To complement the black kitchen countertops, Mast chose metallic mosaic tiles from Spanish tile manufacturer Porcelanosa for the backsplash, supplied through the manufacturer’s San Jose, CA, location. The shimmering metal mosaic creates an eye-catching effect when the sunlight shines into the space - a tactic Mast incorporates into his designs.
“That’s the whole thing about my design and why I select certain colors,” he said. “I look to see what colors are coming through any windows, [if there’s any] vegetation or stonework on the exterior.”
Another special feature of this design was the decision to have the middle cabinets pushed back, so another Absolute Black granite top could be used for cooking. “Countertops have a tendency to get cluttered in anyone’s home, so I try to create at least one functional top,” said Mast. “Some people like all of their equipment on the counter, so my challenge is to make a space that won’t clutter.”
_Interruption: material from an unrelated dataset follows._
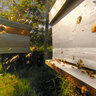 Swarm of Bees by the Beehive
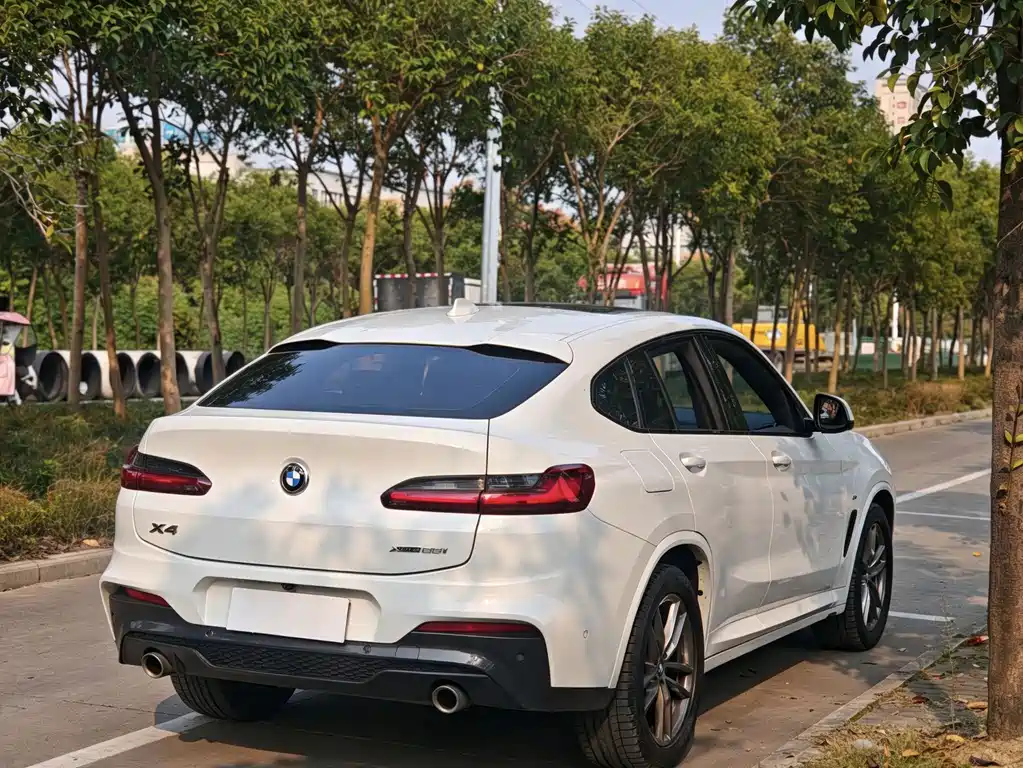 BMW X4 — фото 6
Additionally, the kitchen features iridescent glass tile for the backsplash, which was also supplied by Walker Zanger. “These pieces are extremely unique and complement the stone beautifully,” said Mast. “It gives some unique coloration in the kitchen, but does not overpower.”
Maximizing a space
For a final kitchen that Mast worked on, the objective was slightly different. It was a minor remodel for a client where the emphasis would not be on creating a space for cooking, as it is a secondary residence. Rather, it was designed to make the most efficient use of a somewhat limited space.
Located on the 38th floor of the Infinity Tower in San Francisco, CA, the space has a remarkable view, according to Mast, and this helped inspire his design.
Mast convinced the client to pull out the original island and put in its place a 38-inch-wide x 10-foot-long countertop made from Blanco Maple Silestone with a leather finish. Extending into the former dining area, it rather gave the home a bar-style look. “The intention was to work with what I had and make it unique,” said Mast.
Atop the quartz counter, Mast inserted a large teardrop-shaped glass piece. It functions as part of the counter and allows for bar style eating if the entire counter space needs to be utilized.
Above, a decorative ceiling fixture mimics the shape of the glass teardrop piece on the counter, serving as a “ying-yang” feature, according to the designer. “The inspiration was the bay and waves,” said Mast. “The tear drops are a wave. The ceiling in the building is concrete, so we could not add any additional recessed light fixtures. We dropped the ceiling, created the waves and added these two crystal chandeliers. When you see the outside, you see that bluish-green color I wanted to pull into the space.”
Creating a “wow” factor
In the area of bathroom design, Designer Mary Lindsey Wilson, ASID, of Live Beautifully (www.livebeautifully.net) recently completed a residential remodel project in Katy, TX, for a house built in the 1970s. In doing so, she preserved the original footprint, keeping fixtures such as the toilet, sink and shower in the same place.
“This is a guest bath,” said Wilson. “The homeowner has a lot of nieces, nephews and other guests. It hadn’t ever been updated, and I wanted it to be more modern, more functional and have a ‘wow’ factor, while being user-friendly at the same time.”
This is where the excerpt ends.